The value of the Egyptian pound is expected to fall further after reaching a near all-time low of 19 to the US dollar this week, according to analysts.
The pound slid to 19 on Monday and was trading between 19.01 and 19.07 to the greenback on Tuesday afternoon, Refinitiv data showed.
It is the lowest since December 2016 when the pound hit 19.3 to the dollar after a drastic devaluation that preceded an economic reforms programme backed by the International Monetary Fund.
Analysts forecast that the currency will reach up to 21 to the dollar by the end of this year, as the Arab world’s most populous country grapples with the economic fallout of the Russia-Ukraine war.
“This [the downward trend] has been happening for the last month and a half. We had gone down from 18.17 to about 18.25 and then from 18.25, we never looked back. And we expect that trend to continue,” Allen Sandeep, director of research at Cairo-based Naeem Holding, told The National.
Since Russia invaded Ukraine in February, Egypt has suffered soaring inflation and falling foreign currency reserves. The two warring countries account for the majority of Egypt’s wheat imports and a big chunk of its tourists.
In March, Egypt allowed its currency to depreciate more than 14 per cent from 15.7 pounds to the dollar, the rate at which it had traded since November 2020.
By devaluing the pound, it sought to boost the competitiveness of its exports and better position itself for a new loan from the IMF.
However, it has not been enough to offset high commodity prices and the flight of foreign direct investments.
“We’re in a situation where even if we depreciate by a large degree … the current circumstances globally do not encourage non-oil FDI,” Mr Sandeep said.
Egypt’s core annual inflation rate increased to 14.6 per cent in June from 13.3 per cent in May, the highest since 2017, according to central bank figures.
Foreign currency reserves fell more than $7 billion in April and May and totalled $33.4bn at the end of June.
Businesses in the Egyptian non-oil economy recorded weaker performance in July, as output and new orders declined, albeit at slower rates compared with June. The S&P Global Egypt Purchasing Managers’ Index reached 46.4 last month, well below the 50 neutral mark.
“This kind of a situation, with all these factors happening at the same time, is unprecedented for Egypt,” Mr Sandeep said.
“We have a growing current account deficit of $20bn and we are also faced with another problem, which is maturing external debt repayments, which comes up to about $15bn for the next 12 months,” he said.
Egypt’s current account deficit stood at 4.3 per cent of GDP on a four-quarter sum basis in the first quarter, according to a recent research note from Capital Economics.
Its foreign currency debt is about a quarter of the government’s overall debt burden. The weakening of the pound will “basically increase the cost of servicing the debt”, James Swanston, Mena economist at Capital Economics, told The National.
Headline inflation will remain elevated and is expected to hit close to 20 per cent by the end of this year, he said.
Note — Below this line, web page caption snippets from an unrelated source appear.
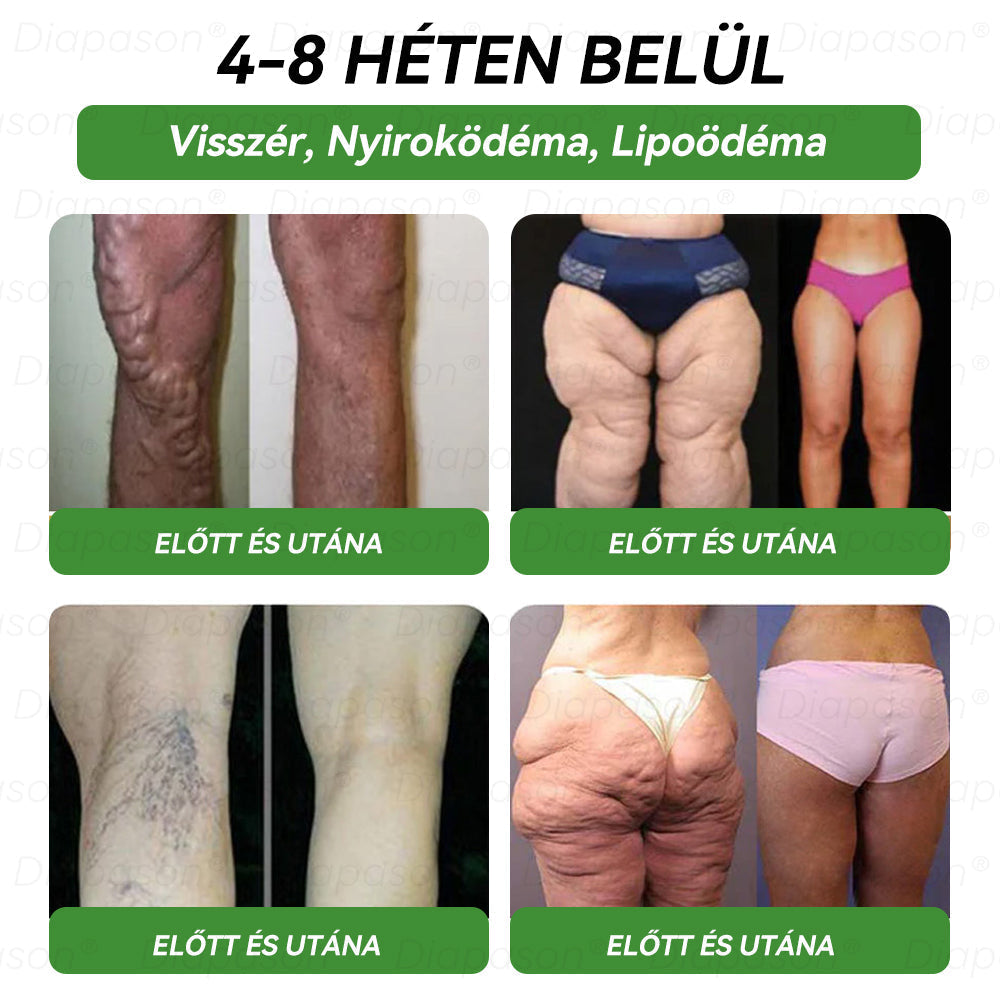đđČïœđčđȘđŒđšđ·Âźđ©ââïž GLP-1 HĂ©t az egyben egĂ©szsĂ©gĂŒgyi orĂĄlis oldat â naponta csak egyszer, több egĂ©szsĂ©gĂŒgyi problĂ©mĂĄra, mint az elhĂzĂĄs, a szĂv- Ă©s Ă©rrendszeri egĂ©szsĂ©g, a cukorbetegsĂ©g, az alvĂĄsi apnoe, a bĂ©lrendszer egĂ©szsĂ©ge Ă©s az ĂzĂŒleti problĂ©mĂĄk đŻ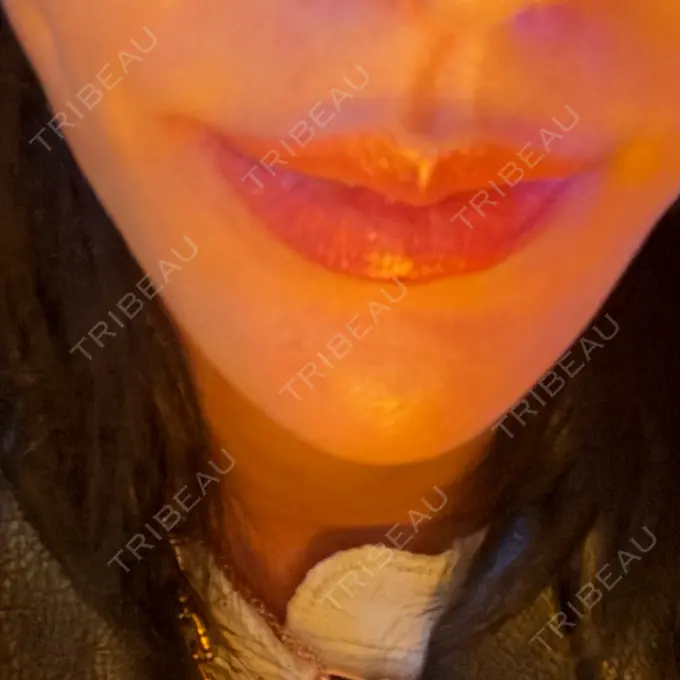 ハイフ（顔） クレオビューティークリニック BEFORE メイン用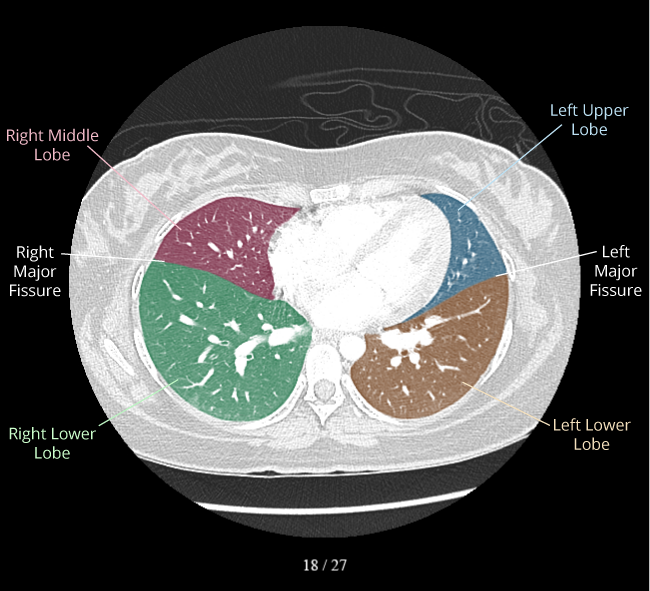 Sagittal Ct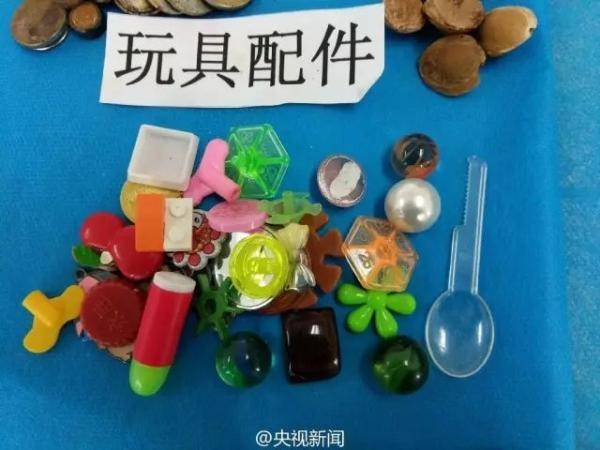 家长|家长一个月后才送医,结果…1岁男婴吞了8颗磁力珠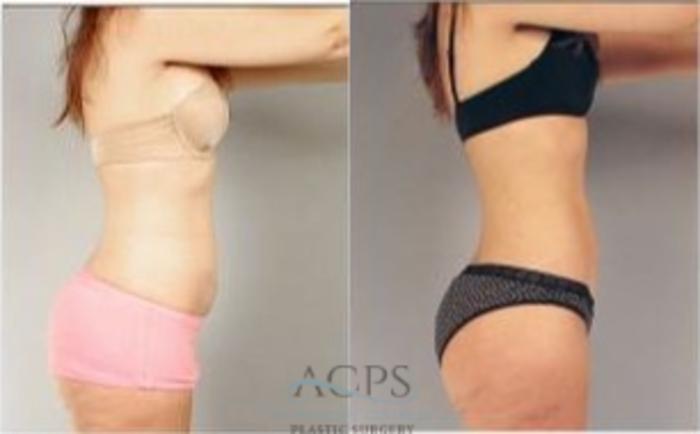 Before & After Liposuction Case 387 Side View: View in Houston, TX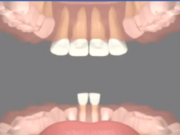Zhvillimi i dhëmbëve i paraqitur me video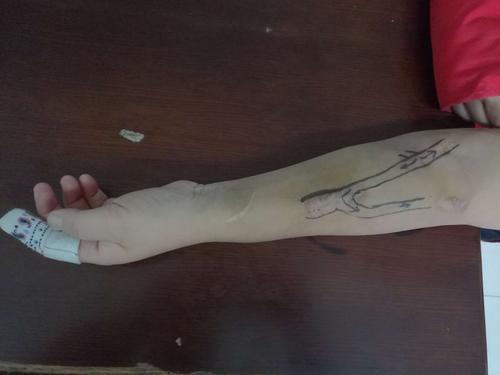 窃血内瘘的处理 尹丰闫永刚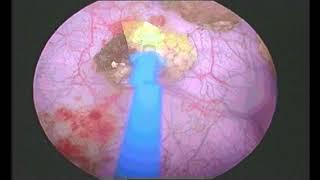 Urinary bladder Stone By Laser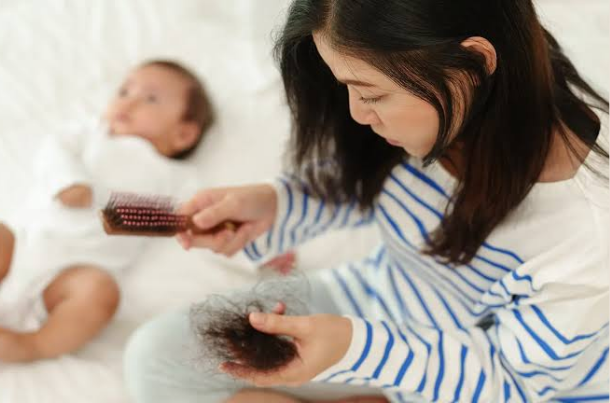 postpartum hair loss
“A 5 per cent to 10 per cent weakening of the pound would be required,” Mr Swanston said, leading Capital Economics to forecast a depreciation to 21 to the dollar by the end of this year and a further 16 per cent fall to 25 by the end of 2024.
The consensus expects a much smaller depreciation, the report noted. Naeem Holding forecasts the pound will hit 20 to the dollar by the end of this year and 20.50 in 2023.
The Central Bank of Egypt seems to be shifting to a more flexible exchange rate regime that allows market forces to dictate how the pound moves, rather than staying flat.
“The IMF has said a flexible exchange rate is very much needed,” Mr Swanston said.
Egypt and the IMF have been in negotiations since March, but in a note released on July 26, the Washington-based lender said Egypt must make “decisive progress” on fiscal and structural reforms to ultimately receive more financial support from the fund.
“We assume that Egypt’s external funding conditions will improve as an agreement on an IMF programme is eventually reached later this year,” Krisjanis Krustins, director at Fitch Ratings, told The National. “However, we also expect gradual depreciation from current levels, amid continued high ― albeit declining ― current account deficits and inflation.”